The only thing that linked Harry Gleeson to Moll McCarthy was his discovery of her body. And the only damned evidence against him was the fact that he had lied, that he had known a well-known prostitute who might have been an IRA informer and was found murdered and disfigured on his uncle's field, which was completely understandable at first glance appears.
Harry Gleeson was convicted and executed in 1941. He was officially pardoned in 2015 by Irish President Michael Higgins.
9 John Perry
In 1660, steward William Harrison went to Campden, England, on foot to collect rents, as was his normal routine. He never returned. After a while, his servant John Perry and his son went in search of their master, but the only trace they could find was the employer's hat, shirt, and collar, which Perry had allegedly found found in the street. The objects were stained with blood.

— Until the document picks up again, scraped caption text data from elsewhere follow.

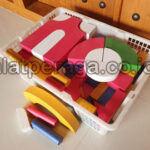 Distributor Balok PDK di Luwu Timur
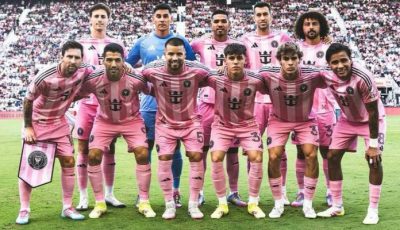 القنوات المفتوحة الناقلة لمباراة إنتر ميامي وبورتو في كأس العالم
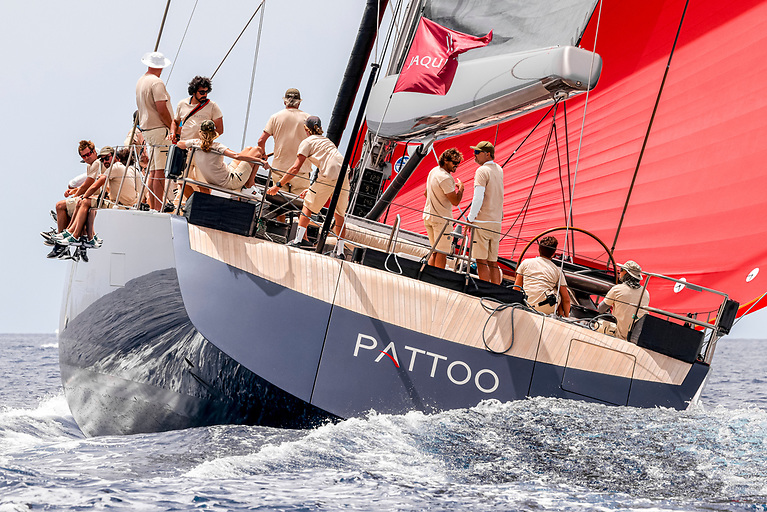 Superyacht Cup Palma Racing And Elegance On The Mediterranean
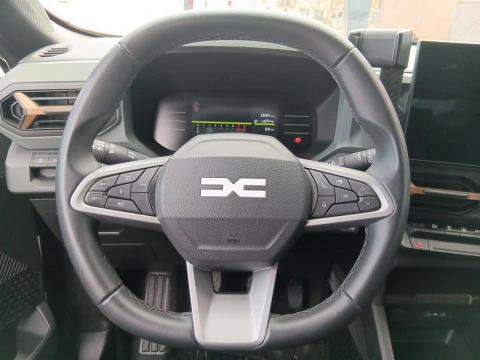 Dacia Duster Extreme TCE 74kW(100CV) ECO-G 4X2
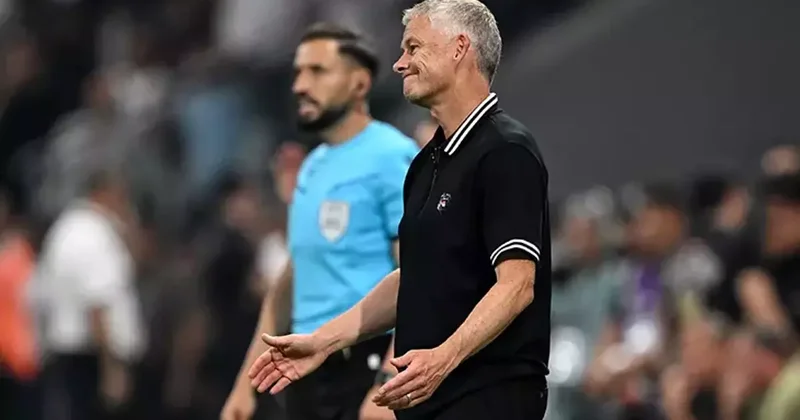Beşiktaş determines the new coach after Solskjaer s dismissal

John Perry was arrested for murdering Harrison. If we are questioned, we say something energetically, he accuses his own mother and brother of being the real killers. They said they killed William Harrison for his money. At the trial, John Perry admitted that the idea of killing Harrison had been his own, which also made him guilty. He went into great detail about who had done the killing and what each plotter had said and done.
The judge, however, refused to convict her without murder. They were charged with robbery, but a pardon was also offered. However, not only was John Perry on his own fault, but also his mother and brother. Finally, a second judge ruled that they could be charged without a corpse, and according to Perry's claim, the entire Perry family was found guilty and hanged in 1661.
John Perry was last hung up after being forced to watch his executions, mother and brother, and his body was ordered to stay at the gallows until it rotten.
That would have been all if in 1662 the "victim" had not returned. William Harrison told a wild story of having been attacked by pirates who robbed him, shackled him and thrown him into a pit. Then, inexplicably, they came back for him, gave him money, rode him 260 miles to the coast, and sold the 70-year-old arthritic master into slavery on a ship. If you could believe it (which you really could not), he was kidnapped by Turkish pirates, but a doctor rescued him and had him run a distillery until indefinite friends found him by accident and paid his passage home.
His story was obviously a complete invention, but wherever he had been and whatever he had done, he was certainly not murdered on a street in Campden by John Perry or any of his unfortunate family members. [19459011
8 Timothy Evans
Timothy Evans moved in 1948 with his wife Beryl and her daughter to a top-floor apartment on the 10th Rillington Place, Notting Hill, London. The ground floor was inhabited by a man named John Christie.
Although Timothy Evans was diligent, he was a man of limited intelligence and virtually illiterate. It was hard for him to feed his family, and when his wife announced that she was pregnant again, it was decided that she would do abortions, even though it was illegal.
On November 30, 1949, Evans went to the police. After some confusion in his story, he finally told them that his neighbor had committed abortion on his wife and that she died as a result. He also said that his daughter was given to an unknown person and that Christie refuses to see her. When the police ransacked the house, they found the bodies of his wife and daughter barely hidden in the washhouse. Both had been strangled.
Evans is said to have confessed to killing his wife, although it was later proved that most of his confession was written by the police and submitted to the illiterate for signature. There was no forensic evidence. Evans insisted that John Christie had committed the crime. The conviction of Timothy Evans, however, took only 40 minutes, and on 9 March 1950 he was hanged.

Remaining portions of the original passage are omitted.